*** RECORDS PROVIDED Section Begins ***

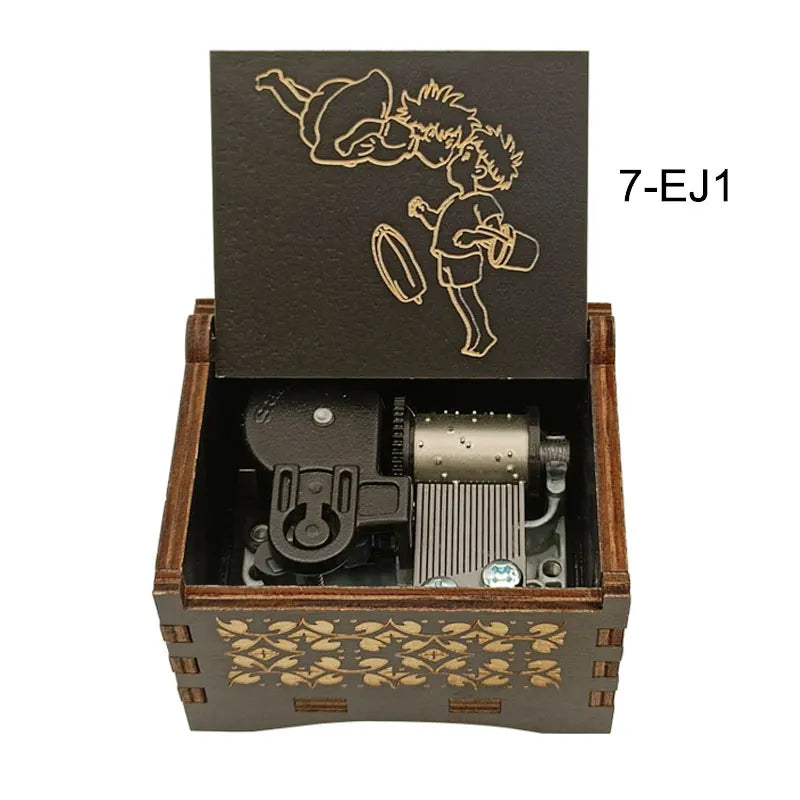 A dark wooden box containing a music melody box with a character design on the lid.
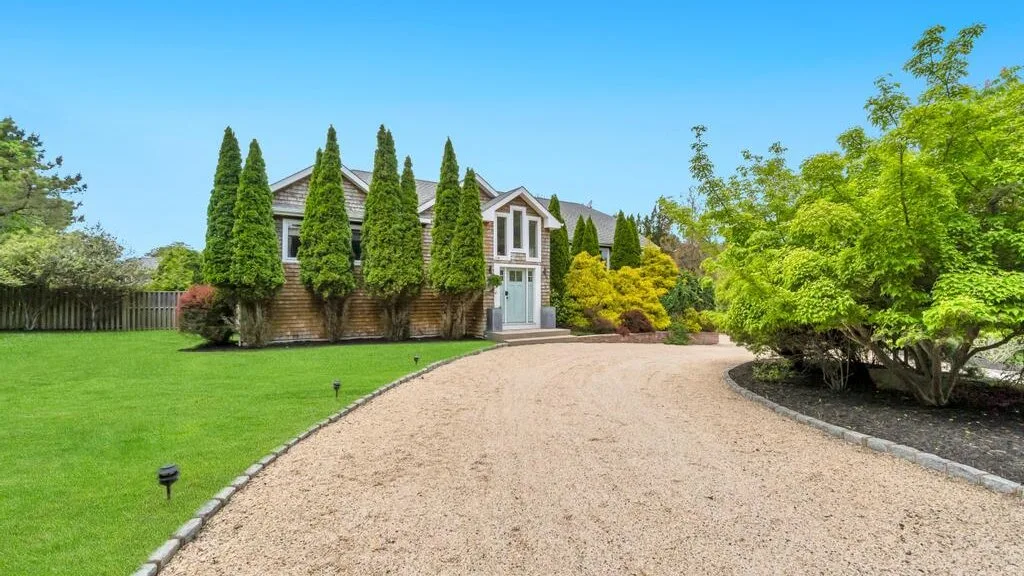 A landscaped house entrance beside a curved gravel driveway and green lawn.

*** RECORDS PROVIDED Section Ends ***
*** RECORDS PROVIDED Section Begins ***

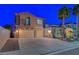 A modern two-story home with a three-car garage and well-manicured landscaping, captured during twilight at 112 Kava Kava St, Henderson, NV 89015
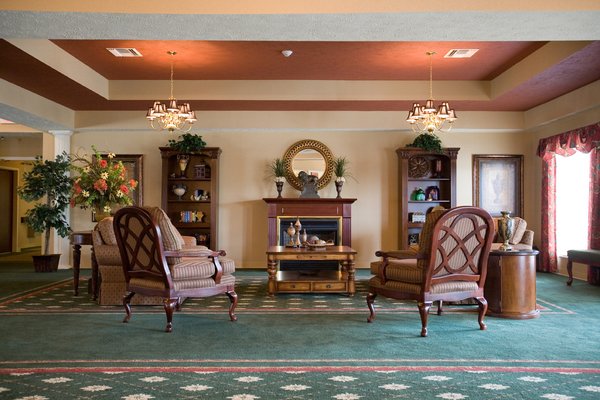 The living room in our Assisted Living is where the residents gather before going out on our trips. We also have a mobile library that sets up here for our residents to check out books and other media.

*** RECORDS PROVIDED Section Ends ***
*** RECORDS PROVIDED Section Begins ***

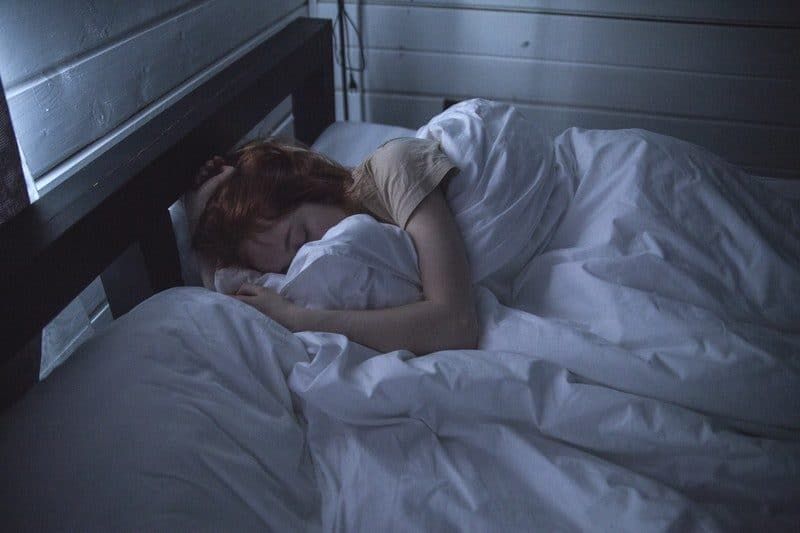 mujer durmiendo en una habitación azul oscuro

*** RECORDS PROVIDED Section Ends ***

Using the entries above, repeat exactly the lines from the one with "A dark wooden" to the one with "A landscaped house", both included, and leave the pictures behind.

> _COMPLETED EXERCISE_
 A dark wooden box containing a music melody box with a character design on the lid.
 A landscaped house entrance beside a curved gravel driveway and green lawn.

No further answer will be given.